Review: The Maddening Rain, Old Red Lion Theatre

“You think you can live by your own rules…”

Felix Scott, star of one man show The Maddening Rain, was apparently in Inception. I can’t say I noticed him but then I wasn’t looking out for him, IMDB says he was playing ‘businessman’ and looking back I think he was in the bar in the middle section of the whole dream sequence. But I did however recognise him from his numerous turns in the Tricycle’s Women, Power and Politics season of plays so was keen to see what move he made next.

The Maddening Rain is a monologue from Nicholas Pierpan, following the fortunes of a man who arrives in London from Leicester and is soon swept up into the cut-throat world of corporate finance with its endless chasing of women and profit. As the financial crisis hits the City though, we then see the impact of the global recession from a different perspective.

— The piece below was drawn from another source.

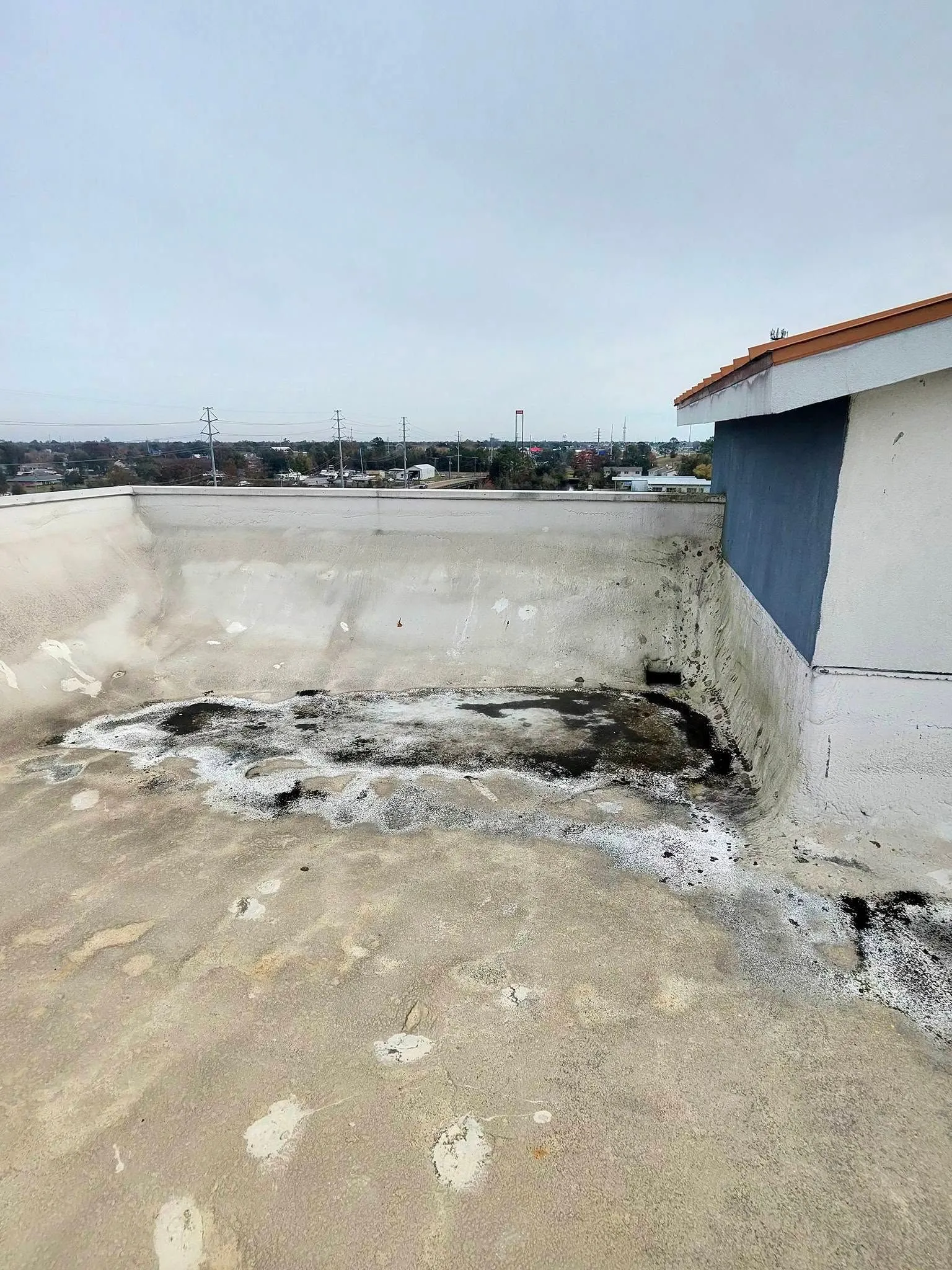 Commercial flat roof displaying ponding water, discoloration, and biological growth caused by poor d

Director Matthew Dunster’s approach feels fairly minimal in that it is full of subtleties rather than grand statements, which works in some respects and not in other. The shifting mood lighting and muted soundscape were both really effective, but in not giving Scott much rein to move around, the production just feels too static too often.

Which is a shame, as Scott’s performance is often mesmerizingly good. Navigating his way through an unfriendly world, looking for money, hoping for love, our narrator treads the line of likeability and it is Scott’s affability that pulls you through, his impersonations of the people around him are often hilarious. But there’s not enough material for him to genuinely work with and get ‘into’, it ultimately feels quite self-conscious.

Maybe the problem is that this play has arrived too late on the stage here. We know the outcome before it starts so there’s no dramatic tension in that respect, but for a piece dealing with such a hot-topic issue, it tells us nothing new and provides no real insight into what it was like as we’re asked too often to sympathise with the narrator like he’s not truly of that world and so it negates even the chance that this is could be an insider’s view of what happened.